↓↓↓

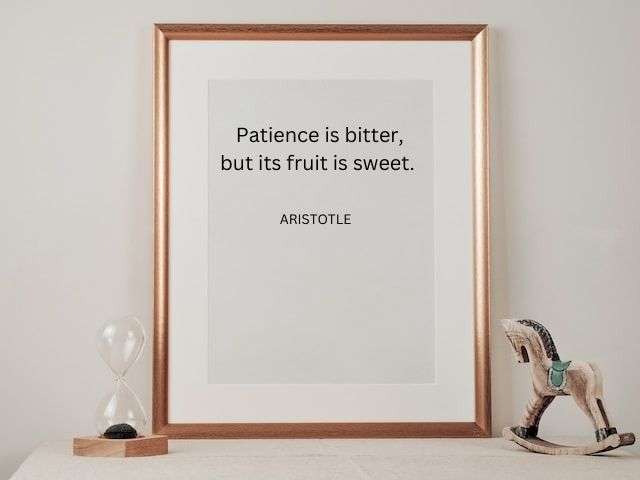 Patience is a virtue quote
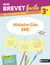 Histoire-Géographie-EMC 3e - Mon Brevet facile - Préparation à l'épreuve du Brevet 2027 - EPUB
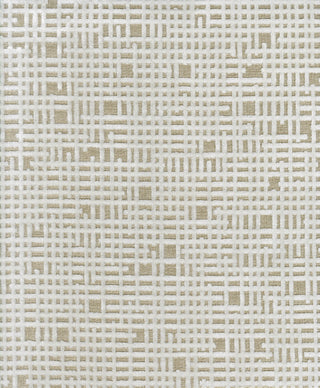 Rekha - Ecru Swatch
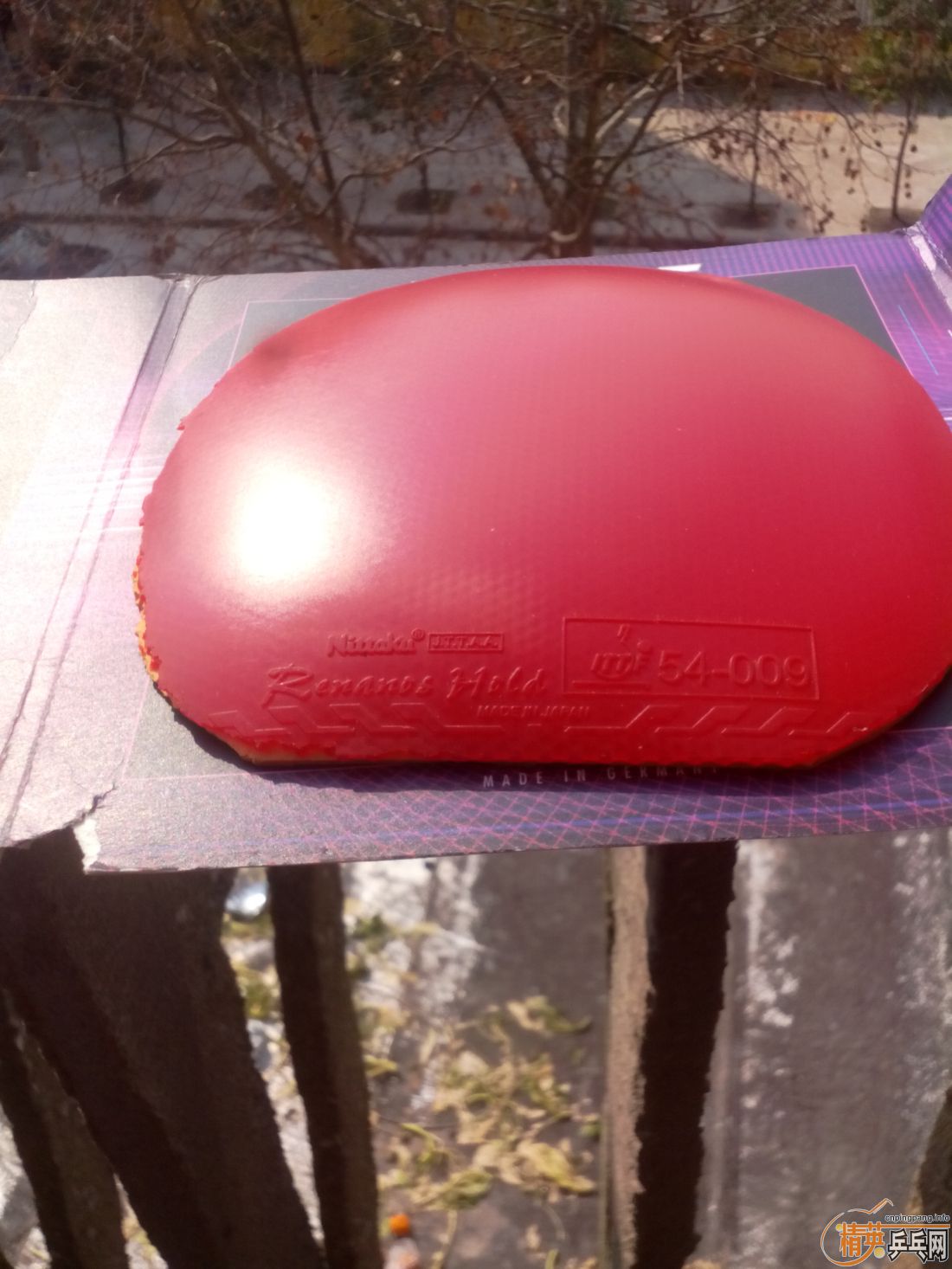 ����һ�ѽ�Ƥ  �����֧�װ�  ������ͼ   ֻ��������������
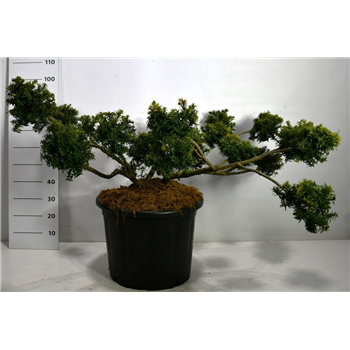 Taxus baccata 'Summergold' F00006302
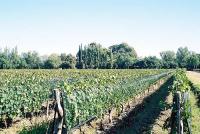 ARAP_7af_Cesar_Bombals_vineyard.jpg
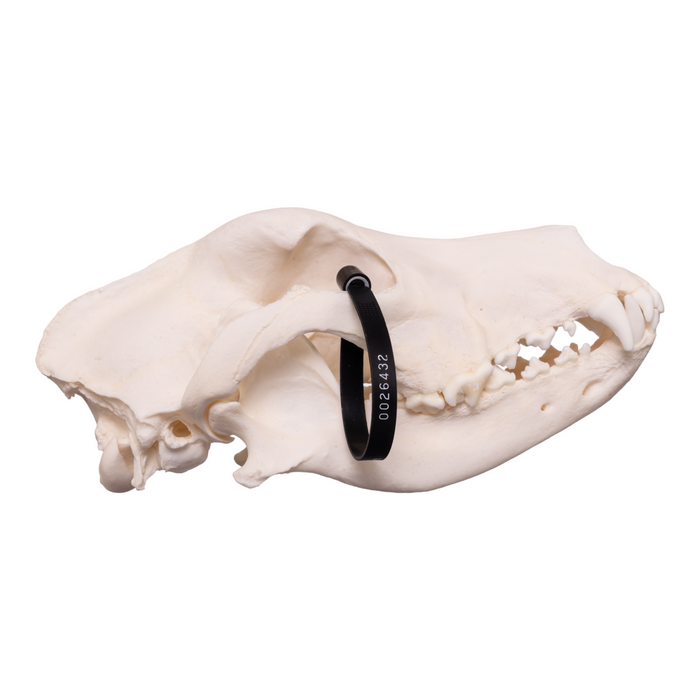 Real Domestic Dog Skull - Great Dane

↑↑↑

**What is expected:** Take the line with "Rekha - Ecru Swatch" as the first line and the last line of the records above as the final one; reproduce exactly the lines between them, both included, without pictures.

**Written answer:**
 Rekha - Ecru Swatch
 ����һ�ѽ�Ƥ  �����֧�װ�  ������ͼ   ֻ��������������
 Taxus baccata 'Summergold' F00006302
 ARAP_7af_Cesar_Bombals_vineyard.jpg
 Real Domestic Dog Skull - Great Dane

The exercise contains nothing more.